EXERCISE:
So that the copy stays text only, transcribe the data below exactly and exclude the images.

________________________________________

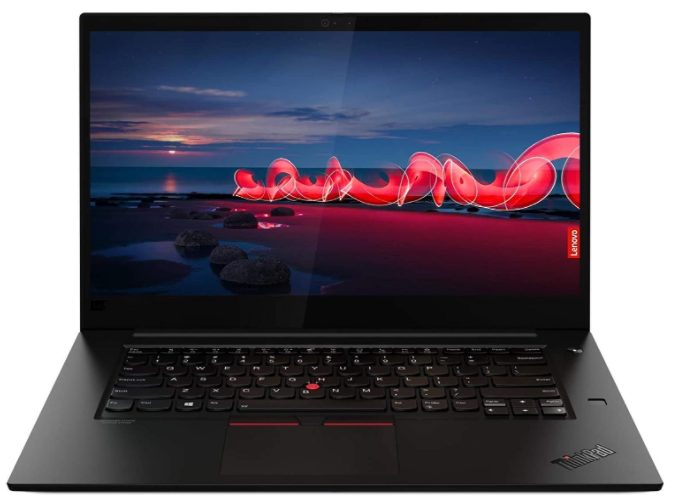 Black OEM Lenovo ThinkPad X1 Extreme Gen 3, with a night scene at the beach as wallpaper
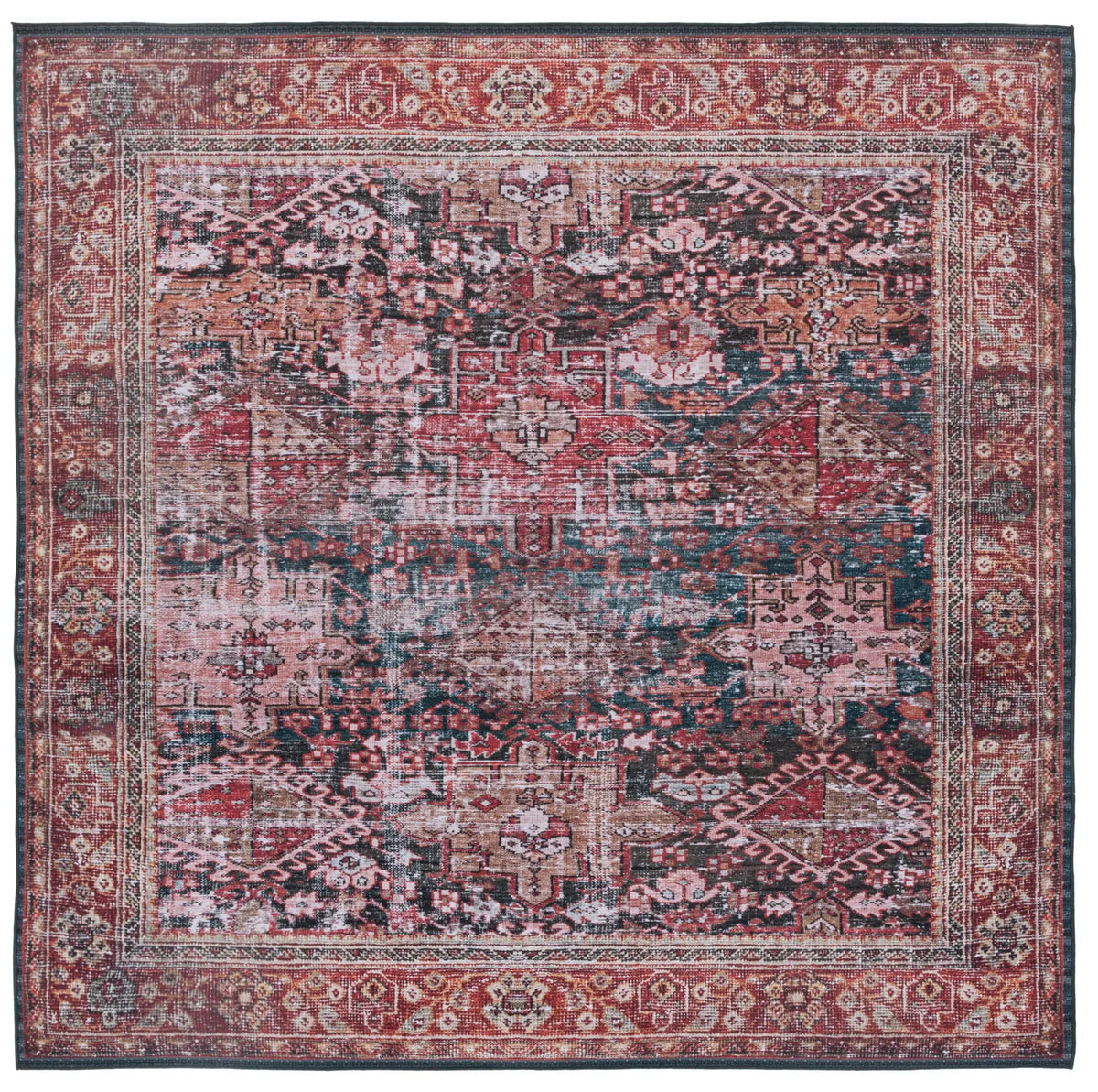 Safavieh Tucson 5'-0" x 5'-0" Rug in Rust / Green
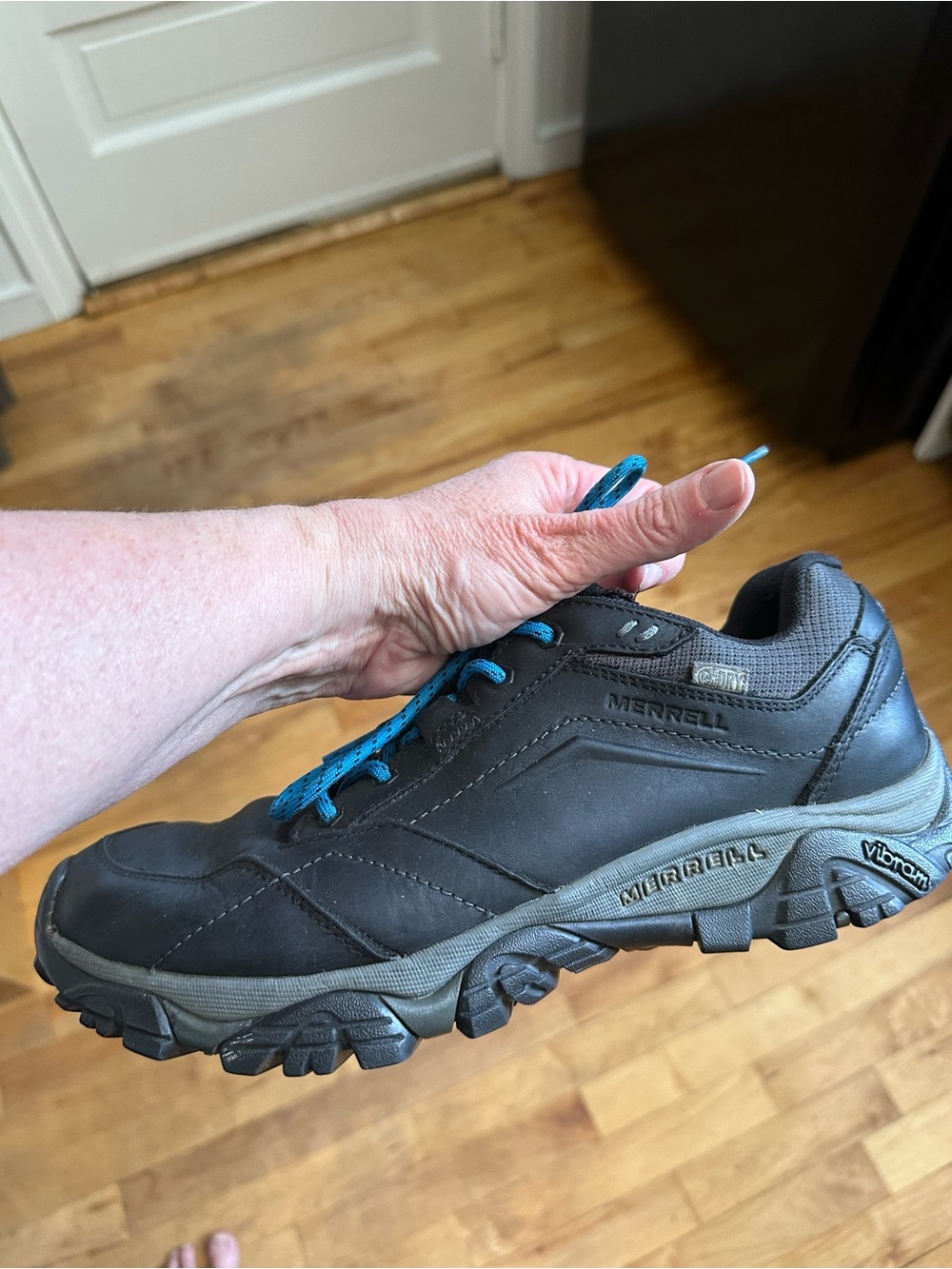 Merrell Black Trail Shoe with Blue Laces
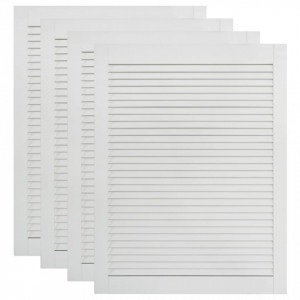 Uși lamelare, 4 buc., alb, 69x49,4 cm, lemn masiv de pin - V151165V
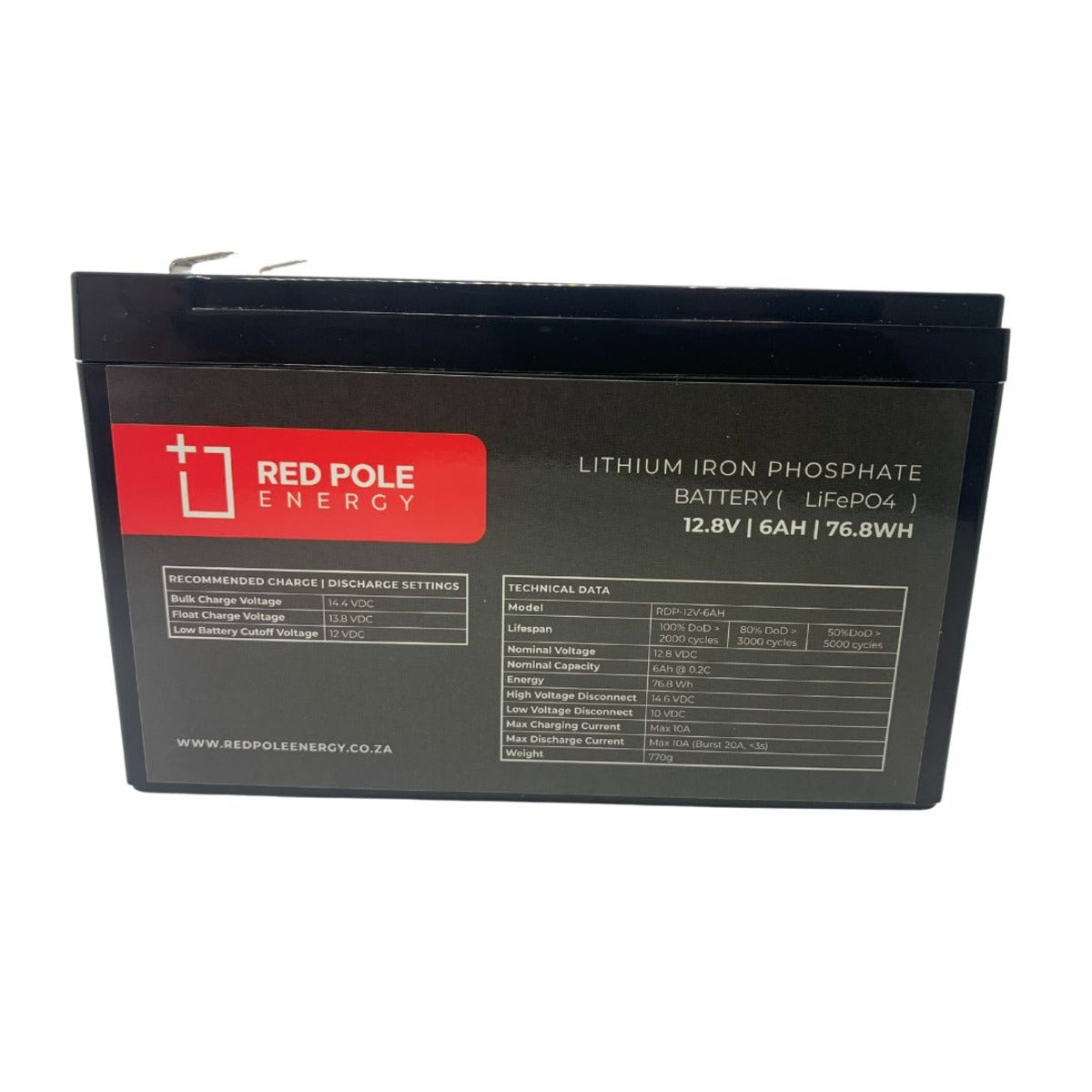 Red Pole Energy 12V 6Ah 75Wh LiFePO4 Battery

________________________________________

OUTPUT OF THE EXERCISE:
 Black OEM Lenovo ThinkPad X1 Extreme Gen 3, with a night scene at the beach as wallpaper
 Safavieh Tucson 5'-0" x 5'-0" Rug in Rust / Green
 Merrell Black Trail Shoe with Blue Laces
 Uși lamelare, 4 buc., alb, 69x49,4 cm, lemn masiv de pin - V151165V
 Red Pole Energy 12V 6Ah 75Wh LiFePO4 Battery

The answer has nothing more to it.